My life with Tourette syndrome began abruptly my eighth grade year. Seemingly odd behaviors started to surface. Ranging at first, from dropping my head quickly, to later when the upper half of my body would bend suddenly downward and my leg would jerk up to meet my head. As you can imagine, this was a stressful time for me… Regardless, I was very excited to begin my high school career the following fall! Though evidently, all that excitement and anxiety ended up doing nothing to prepare me for high school and everything to worsen my tics. The first few weeks at my new school, that should have been about making friends, I instead spent in and out of doctors’ offices; all the while wearing my throat raw and my muscles sore with screaming and jerking motor tics.

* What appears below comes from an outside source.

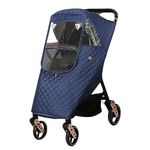 Winter Baby Stroller Cover, Universal Stroller Windshield Rain Cover to Keep Warm in Winter, Baby Travel Weather Shield Stroller Cover for Pushchair (Blue)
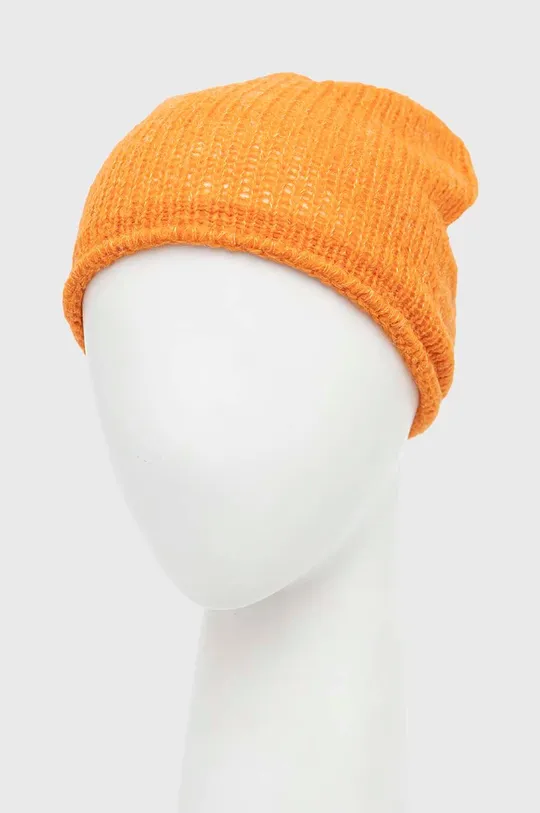 United Colors of Benetton czapka z domieszką wełny pomarańczowy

All of this alarmed my new teachers and they certainly didn’t hide it. I remember being sent out of class almost every bell, often with by being told to just go the nurses’ office to “calm down”. After a brief hospitalization for testing for a different medical problem, my teachers and administration called a meeting with my mother and I. They reported to my mother that I had been asking to leave class every bell and missed too much school for them to accommodate. To top it off they had asked me to sign a contract of sorts if I wanted to stay, which had basically stated I was to report all medication changes and attend school every day- despite the number of times they had asked for me to leave early. My mother and I decided the school wasn’t treating me appropriately and so, I was withdrawn and attended online school the remainder of my freshman year.

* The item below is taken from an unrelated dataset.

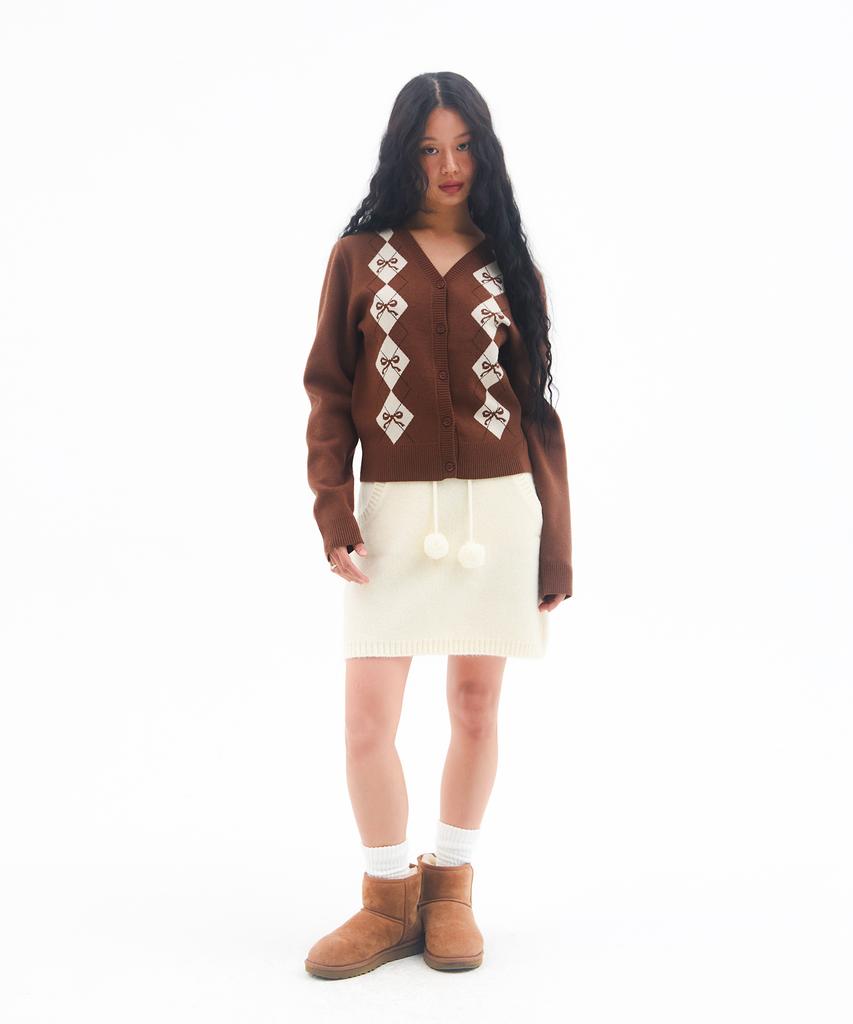 Ames Worldwide Knit Mini Skirt Cream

This experience really felt detrimental to my story at first. It wasn’t until later that I realized what strength and motivation it had given me. That motivation is what drives me to seek out and create better treatment, understanding, and community for people like me. People who may not be accepted or understood whether that be because of their disabilities, illnesses, or differences. This experience has prepared me for real life adversities faced by those with differences like tourettes. I have for the past two years stood in front of all my entire school at the beginning to the year to advocate for myself, and for others with Tourette syndrome. Self-advocacy is an important skill for people with Tourette syndrome, I hope to one-day help people like me achieve their goals and learn to advocate for themselves.